Identification of molecules involved in the carcinogenesis of serrated lesions of the colon and their clinical application.

2022 Fiscal Year Final Research Report

• Project/Area Number: 19K17437
• Research Category: Grant-in-Aid for Early-Career Scientists
• Allocation Type: Multi-year Fund
• Review Section: Basic Section 53010:Gastroenterology-related
• Research Institution: Kumamoto University
• Principal Investigator: Shono Takashi 熊本大学, 大学院生命科学研究部(医), 特定研究員 (40632667)
• Project Period (FY): 2019-04-01 – 2023-03-31
• Keywords: SSA/P / マイクロRNA / 発がんマーカー / Serrated pathway

Outline of Final Research Achievements

Based on miRNA analysis of endoscopically resected tissue from colorectal cancer arising from sessile serrated adenoma/polyp (SSAP) in the proximal colon, we identified six pathways, including the TGF-beta signaling pathway, as common pathways associated with the cancerous region.
In addition, endoscopically resected tissue samples of polyp-like adenoma and Laterally spreading tumor (LST) of the colon were separated into normal and tumor portions, then their miRNA and mRNA expression analysis identified three types of miRNAs whose expression varied between the two portions.

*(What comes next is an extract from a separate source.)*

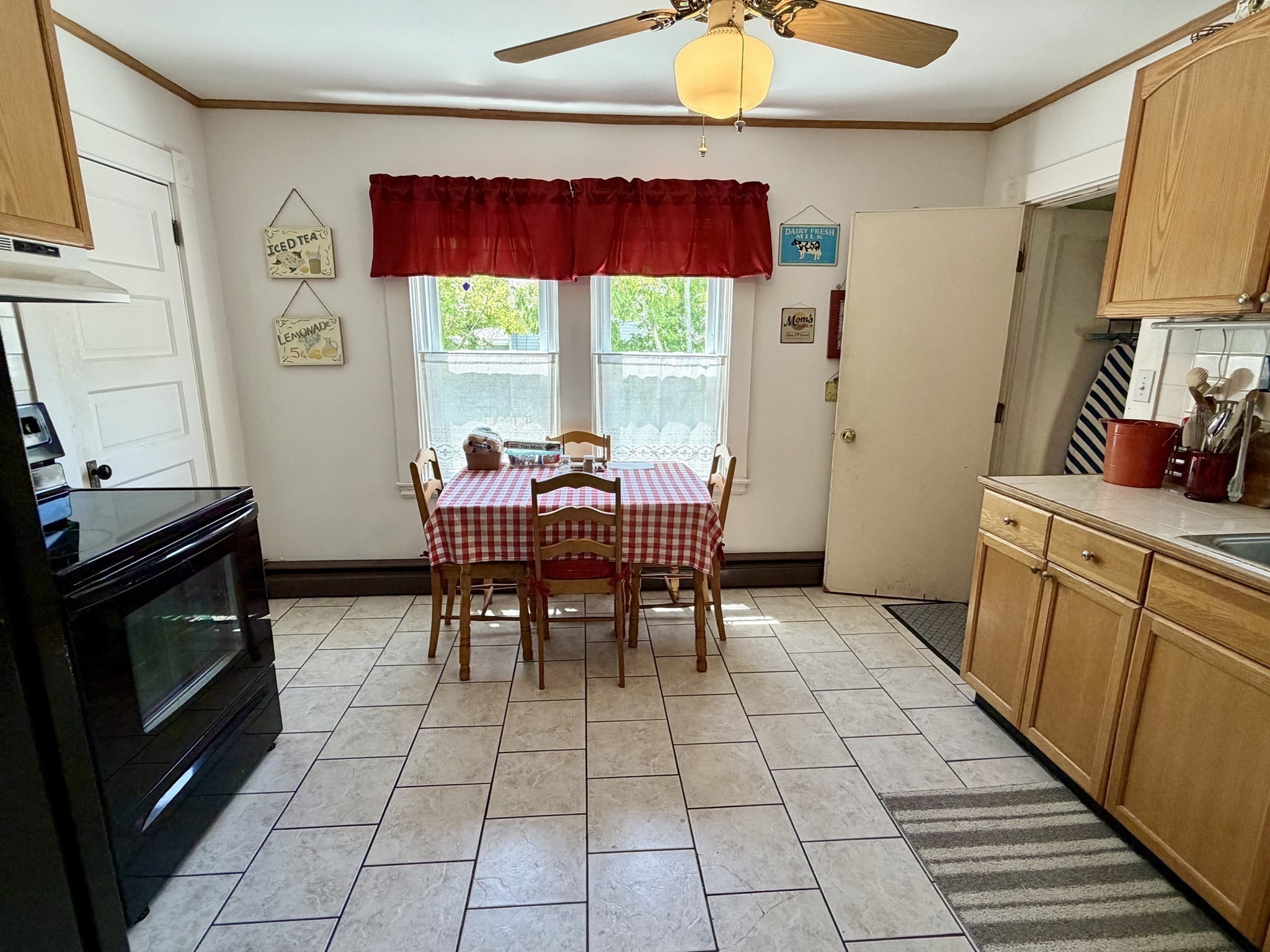 217 Middleboro Road Property Photo 8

Experiments using cultured cells derived from colorectal cancer suggested that one of the identified miRNAs was associated with the growth and progression of colon cancer cells.

Free Research Field

消化器内科学

Academic Significance and Societal Importance of the Research Achievements

大腸癌の原因のほとんどは腺腫が原因と考えられてきたが、近年、鋸歯状病変(SSAP)も大腸癌の前駆病変であることが明らかになってきた。しかし、その分子基盤は不明であった。本研究にて同定したmiRNAはSSAPが癌へと進展するserrated pathwayの分子生物学的解明の一翼を担う可能性があり、さらにSSAPより発生する増殖の早い大腸癌に対して、新しい診断方法や治療戦略の臨床応用を展開するための基盤となり得る。